Kualitas udara dipengaruhi oleh adanya bahan
polutan di udara. Polutan di dalam rumah kadarnya berbeda dengan bahan polutan
di luar rumah. Peningkatan bahan polutan di dalam ruangan dapat pula berasal
dari sumber polutan di dalam ruangan seperti asap rokok, asap dapur, pemakaian
obat nyamuk bakar (Mukono, 1997).
Kejadian ISPA
Infeksi Saluran Pernafasan Akut
(ISPA) berdasarkan jurnal hasil penelitian yang saya dapat, menyebutkan bahwa
penyakit tersebut merupakan salah satu masalah kesehatan yang utama di
Indonesia karena masih tingginya angka kejadian ISPA terutama pada anak Anak
Balita. ISPA mengakibatkan sekitar 20% - 30% kematian anak Balita (Depkes RI,
2000). ISPA merupakan suatu penyakit pernafasan akut yang ditandai dengan
batuk, pilek, serak, demam dan mengeluarkan ingus atau lender dari hidung yang
dapat berlangsung sampai dengan 14 hari berturut-turut.
Istilah ISPA meliputi tiga
unsur yakni infeksi, saluran pernafasan dan akut, dengan pengertian sebagai
berikut yaitu, infeksi adalah masuknya kuman atau mikroorganisme ke dalam tubuh
manusia dan berkembang biak sehingga menimbulkan gejala penyakit.
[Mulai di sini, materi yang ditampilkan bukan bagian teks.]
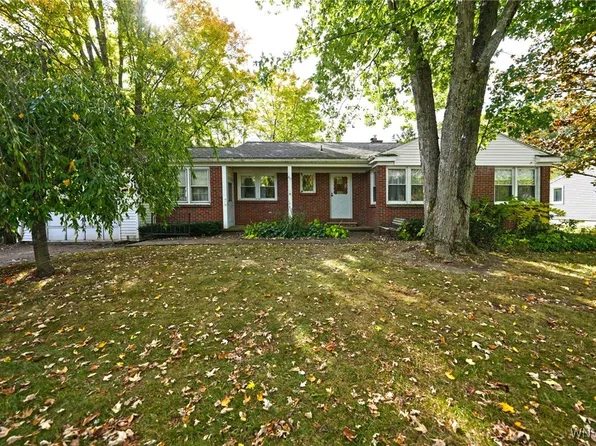 4113 Beaubein Dr, Hamburg, NY 14075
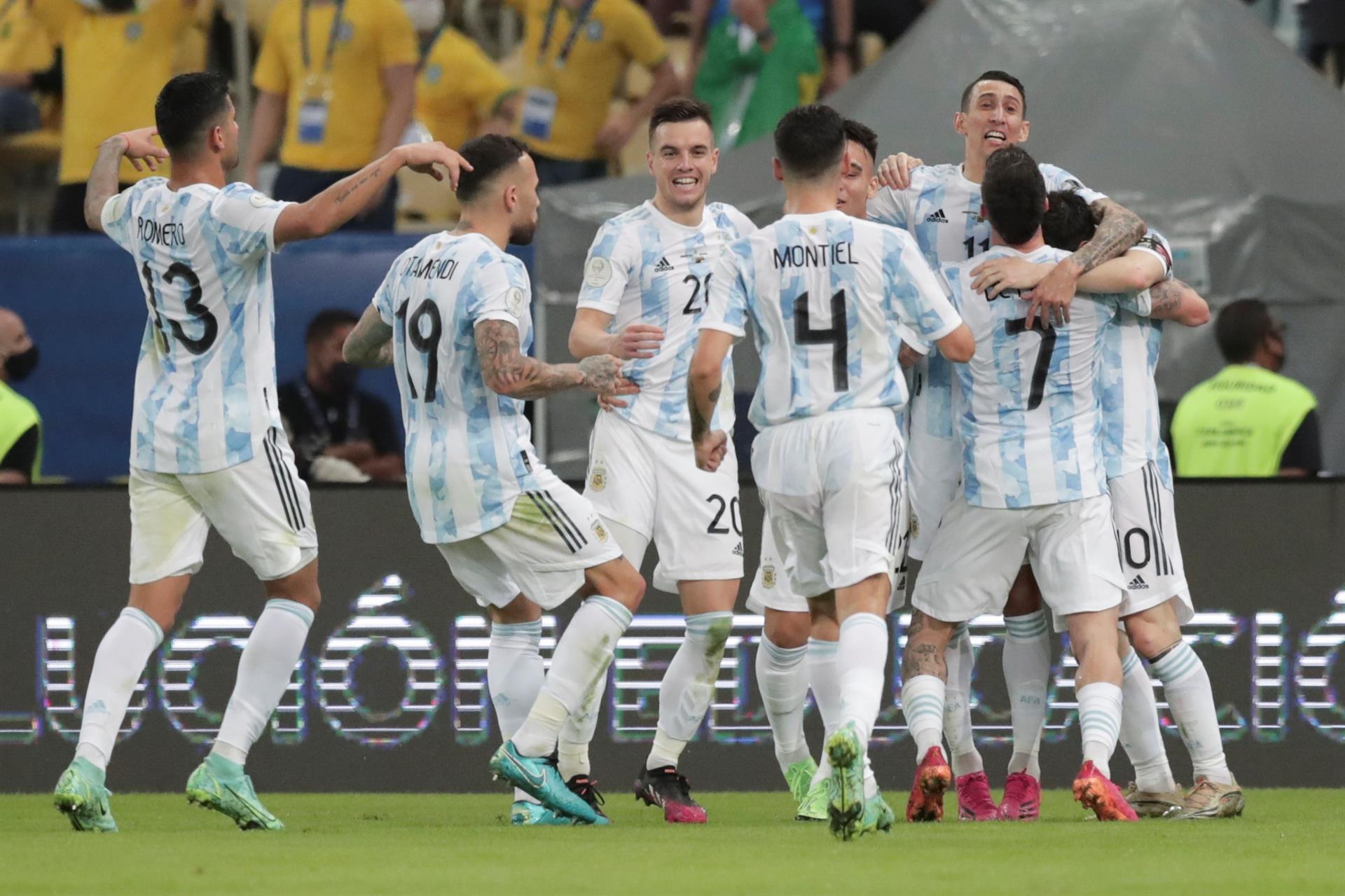 Seleção Argentina comemora gol contra o Brasil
Sedangkan
saluran pernafasan adalah organ mulai dari hidung hingga alveoli beserta organ
adneksanya seperti sinus-sinus, rongga telinga tengah dan pleura. ISPA secara
anatomis mencakup saluran pernafasan bagian atas, saluran pernafasan bagian
bawah (termasuk jaringan paru-paru) dan organ adneksa saluran pernafasan.
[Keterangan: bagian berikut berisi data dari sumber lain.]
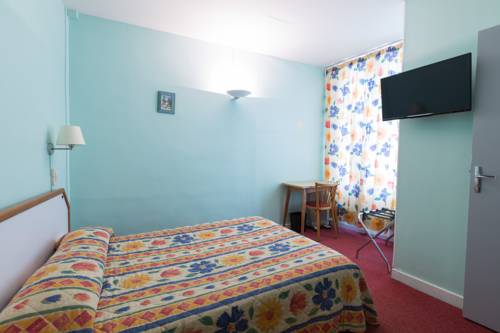 Imagen de la habitación del Hotel Cit&ocirc;tel Le Plat D'etain. Foto 3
Dengan batasan ini, jaringan paru termasuk dalam saluran pernafasan
(respiratory tract), kemudian untuk istilah infeksi akut yaitu infeksi yang
berlangsung sampai dengan 14 hari. Batas 14 hari diambil untuk menunjukkan
proses akut meskipun untuk beberapa penyakit yang dapat digolongkan dalam ISPA
proses ini dapat berlangsung lebih dari 14 hari. Sehingga dapat disimpulkan
infeksi saluran pernafasan akut merupakan kelompok penyakit yang komplek dan
heterogen, yang disebabkan oleh berbagai etiologi. Etiologi ISPA terdiri dari 300
lebih jenis virus, bakteri dan riketsia serta jamur. Virus penyebab ISPA antara
lain golongan miksovirus (termasuk di dalamnya virus influensa, virus
para-influensa dan virus campak), dan adenovirus. Bakteri penyebab ISPA
misalnya: Streptokokus Hemolitikus, Stafilokokus, Pneumokokus, Hemofilus Influenza,
Bordetella Pertusis, dan Korinebakterium Diffteria.
E. Metodologi
Penelitian
Jenis Penelitian
Penelitian ini merupakan penelitian
observasional mengunakan case control study (penelitian kasus pembanding), yang
hasilnya akan dianalisa secara deskriptif dan analitik.
Populasi dan Sampel
Populasi dalam penelitian ini adalah semua
mahasiswa yang terdiri dari 56 orang mahasiswa. Penelitian ini menggunakan cara
non probability sampling dengan teknik purposive sampling yaitu pengambilan
sampel secara purposive didasarkan pada pertimbangan tertentu yang dibuat oleh
peneliti sendiri, ciri atau sifat-sifat populasi yang sudah diketahui
sebelumnya (Notoatmodjo, 2002).
Cara Pengumpulan Data
Data Primer diperoleh dengan melakukan
wawancara menggunakan kuesioner terstruktur dengan responden yang menjadi
subjek penelitian baik terhadap kelompok kasus maupun kontrol. Sedangkan data
sekunder berisi tentang identitas kasus, diperoleh dari dokumen petugas
Surveilans Puskesmas yang meliputi nama, umur, diagnosis, alamat tempat tinggal.